Start your writing with conflict if you want to guarantee sales, grab an agent or publisher, get paid a big advance. Your protagonist wants something and your antagonist wants to block it. If you want to be the publisher’s star-of-the-month, just hand out a strong dose of conflict right up front. Bold like. Then, they’re wrapped up in your story and it’s too late for them to escape. Trust me, readers, agents and publishers are going to consider writing with a strong dose of conflict as good fortune for their company. Readers will not want to put it down. The big boys just might pat you on the head and pay you a six-figure advance.
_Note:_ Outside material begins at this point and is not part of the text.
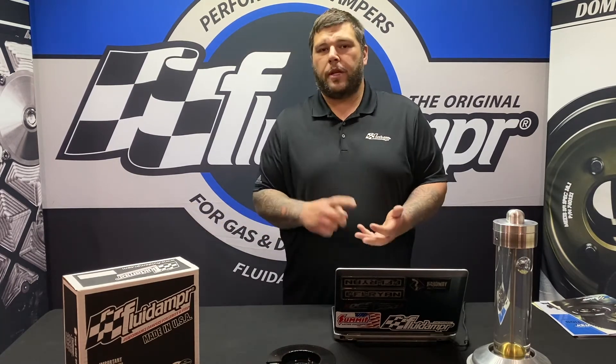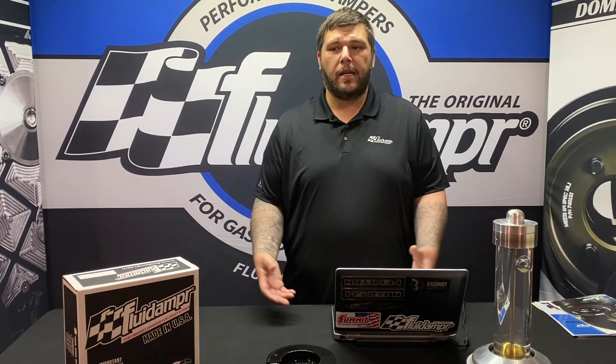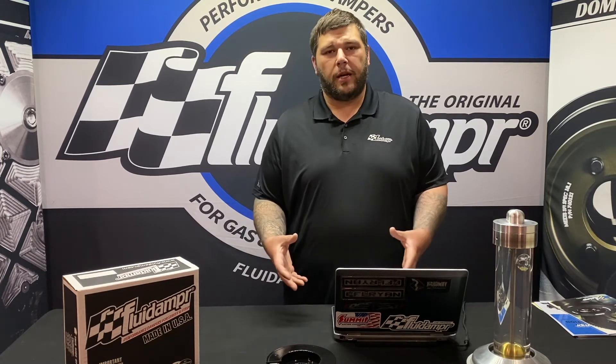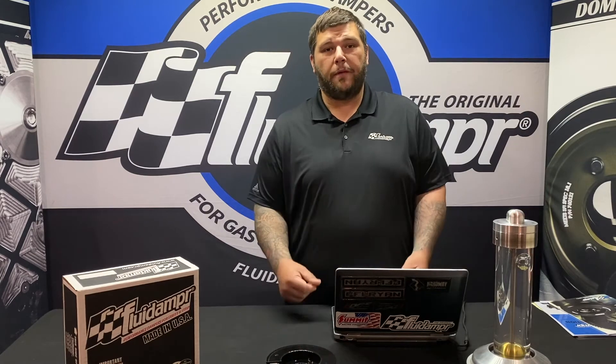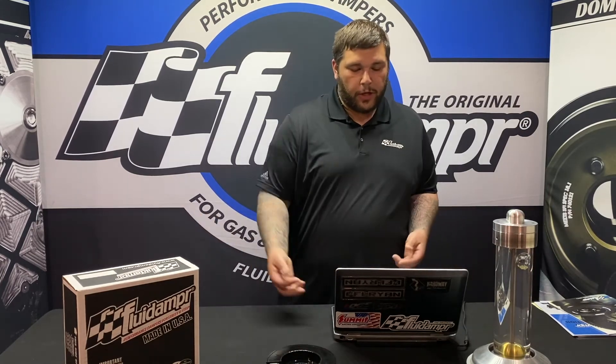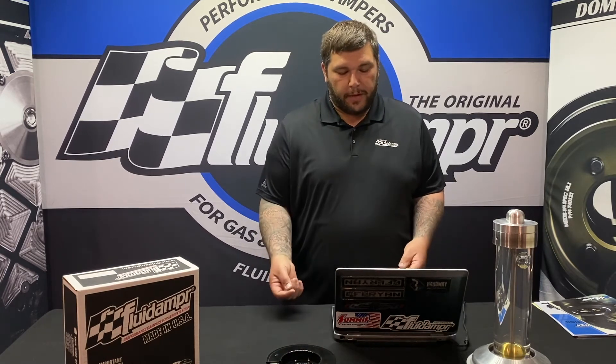Rubber OEM dampers wear out — they dry crack and bulge. The fluid damper's one-piece steel design is a great long-term, lifetime replacement. It never needs to be rebuilt or retuned, and that's really one of the major benefits for the diesel aftermarket. That covers the second part of the question: eliminating failure points of the OEM damper.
As conflict is so essential to good writing, whether it’s fiction, or nonfiction, children’s books or memoir, it will aid your attention-getting cause. I suggest you start practicing the art of writing conflict right now for your openings. Read the examples and write your own:

· James walked in ready to crash and that’s when he saw the monster. (Antagonist wants to take protagonist's calm time away)

· When I walked in, Emily had on my favorite blouse I was going to wear tonight. She stood there trying to apologize for tearing it.(Antagonist has blocked protagonist from wearing her favorite blouse tonight.)

· Jimmy worked ten hours at ten dollars an hour, and now John was saying he was worthless, he wasn’t going to pay. (John wants to take Jimmy’s earning away).

The sentences are off the top of my head and I don’t consider them profound or anything. But remember, my job is to make all of the big, foreign sounding things simple. My sentences clearly show characters in conflict. You can “feel” the tension. Your protagonist wants something and your antagonist wants to take it away. Your antagonist may not even be a person. It may be a rock against the door, keeping your protagonist from escaping the bad guy.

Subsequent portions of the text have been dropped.